IF I may speak frankly,” Roberta had said. That was the only way she ever spoke, as far as Tom could make out. He quailed at the consequences of not taking her advice, of getting off to a bad start with the locals and quailed, too, at the thought of how much the new sign had cost. What was he to do?
His dilemma went completely from his mind as he opened the front door.
“Dad!” Holly was running downstairs. “Something awful’s happened. There’s water coming down into the yellow bedroom. The back wall is dripping wet.”
“Have you phoned a plumber?”
“And the dining-room? Has the water reached the ground floor?”
“I don’t know. Corin’s crawling around the attic to see where it’s come from.”

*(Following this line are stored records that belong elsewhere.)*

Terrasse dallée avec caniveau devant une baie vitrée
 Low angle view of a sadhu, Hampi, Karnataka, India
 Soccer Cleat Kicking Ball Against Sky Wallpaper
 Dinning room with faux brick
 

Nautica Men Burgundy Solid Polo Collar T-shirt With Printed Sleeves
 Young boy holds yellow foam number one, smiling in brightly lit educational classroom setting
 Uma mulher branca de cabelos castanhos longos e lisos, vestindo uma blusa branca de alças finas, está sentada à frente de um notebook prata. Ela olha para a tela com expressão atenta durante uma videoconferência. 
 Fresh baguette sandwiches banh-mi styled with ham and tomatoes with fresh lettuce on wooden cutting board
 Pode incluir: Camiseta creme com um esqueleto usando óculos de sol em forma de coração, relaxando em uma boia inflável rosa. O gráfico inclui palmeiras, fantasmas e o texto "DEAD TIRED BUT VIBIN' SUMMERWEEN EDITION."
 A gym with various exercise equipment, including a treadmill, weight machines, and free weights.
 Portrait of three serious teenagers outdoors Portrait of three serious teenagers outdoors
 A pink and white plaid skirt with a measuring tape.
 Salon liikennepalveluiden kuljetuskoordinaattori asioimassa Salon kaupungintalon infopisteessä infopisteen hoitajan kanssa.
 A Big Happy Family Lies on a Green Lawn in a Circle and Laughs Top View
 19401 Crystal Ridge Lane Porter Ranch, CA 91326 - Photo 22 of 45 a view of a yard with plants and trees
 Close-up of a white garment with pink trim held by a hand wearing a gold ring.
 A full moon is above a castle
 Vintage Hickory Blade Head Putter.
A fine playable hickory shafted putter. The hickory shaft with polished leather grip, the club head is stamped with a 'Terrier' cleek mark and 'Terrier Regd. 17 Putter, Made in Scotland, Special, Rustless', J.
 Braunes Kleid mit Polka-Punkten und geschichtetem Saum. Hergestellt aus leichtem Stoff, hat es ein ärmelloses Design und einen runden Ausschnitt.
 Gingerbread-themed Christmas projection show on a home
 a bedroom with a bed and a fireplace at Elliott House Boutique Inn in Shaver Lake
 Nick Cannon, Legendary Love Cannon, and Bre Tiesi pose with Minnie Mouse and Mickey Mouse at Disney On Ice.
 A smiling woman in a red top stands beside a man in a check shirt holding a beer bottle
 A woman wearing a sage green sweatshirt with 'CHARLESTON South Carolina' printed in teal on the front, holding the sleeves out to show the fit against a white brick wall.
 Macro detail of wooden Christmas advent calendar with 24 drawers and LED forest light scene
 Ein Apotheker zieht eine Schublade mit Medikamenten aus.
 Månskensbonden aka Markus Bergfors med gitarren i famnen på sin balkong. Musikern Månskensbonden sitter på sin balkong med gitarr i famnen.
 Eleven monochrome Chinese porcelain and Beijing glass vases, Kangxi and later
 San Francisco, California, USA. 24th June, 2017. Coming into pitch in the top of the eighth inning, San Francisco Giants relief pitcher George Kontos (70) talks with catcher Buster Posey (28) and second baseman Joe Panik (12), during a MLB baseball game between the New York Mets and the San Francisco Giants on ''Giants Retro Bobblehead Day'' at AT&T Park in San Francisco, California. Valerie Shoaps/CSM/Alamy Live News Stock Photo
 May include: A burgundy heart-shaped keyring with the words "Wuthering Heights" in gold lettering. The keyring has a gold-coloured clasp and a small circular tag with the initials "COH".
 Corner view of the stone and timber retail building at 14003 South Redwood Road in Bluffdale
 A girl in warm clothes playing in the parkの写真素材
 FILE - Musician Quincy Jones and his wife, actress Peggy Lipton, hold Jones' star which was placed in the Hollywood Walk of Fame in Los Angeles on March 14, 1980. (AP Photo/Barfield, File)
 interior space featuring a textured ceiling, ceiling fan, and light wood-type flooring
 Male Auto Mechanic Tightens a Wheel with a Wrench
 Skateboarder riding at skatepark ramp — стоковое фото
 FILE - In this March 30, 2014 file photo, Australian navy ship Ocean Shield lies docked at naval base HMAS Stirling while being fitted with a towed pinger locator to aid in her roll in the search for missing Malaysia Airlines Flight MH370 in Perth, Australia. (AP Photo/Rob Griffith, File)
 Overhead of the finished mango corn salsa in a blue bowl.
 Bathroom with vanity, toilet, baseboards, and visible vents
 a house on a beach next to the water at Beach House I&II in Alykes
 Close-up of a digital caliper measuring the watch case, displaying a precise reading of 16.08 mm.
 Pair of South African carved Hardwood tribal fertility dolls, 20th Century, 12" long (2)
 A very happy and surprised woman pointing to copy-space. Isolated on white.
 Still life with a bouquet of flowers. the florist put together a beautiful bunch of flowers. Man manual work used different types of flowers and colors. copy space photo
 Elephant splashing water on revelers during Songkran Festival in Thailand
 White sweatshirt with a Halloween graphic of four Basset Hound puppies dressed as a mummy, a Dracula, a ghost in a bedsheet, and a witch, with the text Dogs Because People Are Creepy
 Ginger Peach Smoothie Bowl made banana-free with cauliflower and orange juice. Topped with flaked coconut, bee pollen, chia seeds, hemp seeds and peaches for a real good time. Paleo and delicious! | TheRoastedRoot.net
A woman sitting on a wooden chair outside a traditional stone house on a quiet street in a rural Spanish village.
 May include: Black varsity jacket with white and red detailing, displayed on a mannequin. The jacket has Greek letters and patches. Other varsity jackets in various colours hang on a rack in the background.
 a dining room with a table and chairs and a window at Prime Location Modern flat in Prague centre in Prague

“It’ll be the water tank. Did any of you turn the water off at the main?”
Holly lifted her shoulders in reply.
Tom threw off his jacket.
“Where’s your mother?”
“Laying out every pan and bucket we have underneath the water. But we’ve got those people coming back tonight.”
And only one bedroom available now. Tom hurried through to the hall cupboard to find the water main and then to the kitchen to run taps. Why had Corin not thought to do that?
The water had slowed to a trickle before the plumber arrived. Fortunately the damage seemed to have been confined to the bedroom. Tom checked the dining-room ceiling at close quarters and found it bore no evidence of damp. While he was there he ran his fingers over a strange little circle. As far as he could remember it corresponded with one of similar size in the bedroom floor above, as if a hole had been filled in.
“Sorry, Tom,” Corin said contritely, from the bottom of the ladder. “I didn’t have a clue what to do.”
“Your father never showed you what a water main looks like?”
“Dad wouldn’t know a water main if it bit him in the leg.” Corin grinned up at him. “Mum’s the practical one. She does all the DIY stuff.”
Despite his anxieties, Tom couldn’t help feeling a rush of pleasure at the news. Here was something Mr Big Cheese Solicitor couldn’t do!
“I think I’m more like Dad than Mum in that respect,” Corin added.
“Nonsense, son,” Tom said, climbing down. “It’s easy when you know how.”
“Dad.” Holly stuck an anxious face round the door. “Can you come? The guests have arrived. And one of them’s not too pleased. He’s insisting on speaking to you.”
Once Tom had got the water under control he’d phoned the hotel nearest them, about three miles away, and asked if they could accommodate two of his guests. It seemed to be the only solution. But the man who’d been the grumpy one of the party a week earlier was having none of it.
“We want two rooms together, as booked,” he maintained. “It’s your problem. Sort it out. At your expense.”
His wife looked apologetically at Tom.
“I’m sorry about your flood,” she said. “I do hope we can have dinner here as planned, though. We’ve been telling everyone we know about the meal we had last week.”
“Of course,” Tom said. “And I’ll call and reserve another room for you, sir.”
As he reached for the phone he could see Roberta as she stopped to look at the Bridge Inn board. She shook her head before making her determined way down the front path.
He smiled at the man through gritted teeth. What with the flood and its consequences, and the apparently inevitable purchase of another new hotel sign, it was proving to be a very expensive day.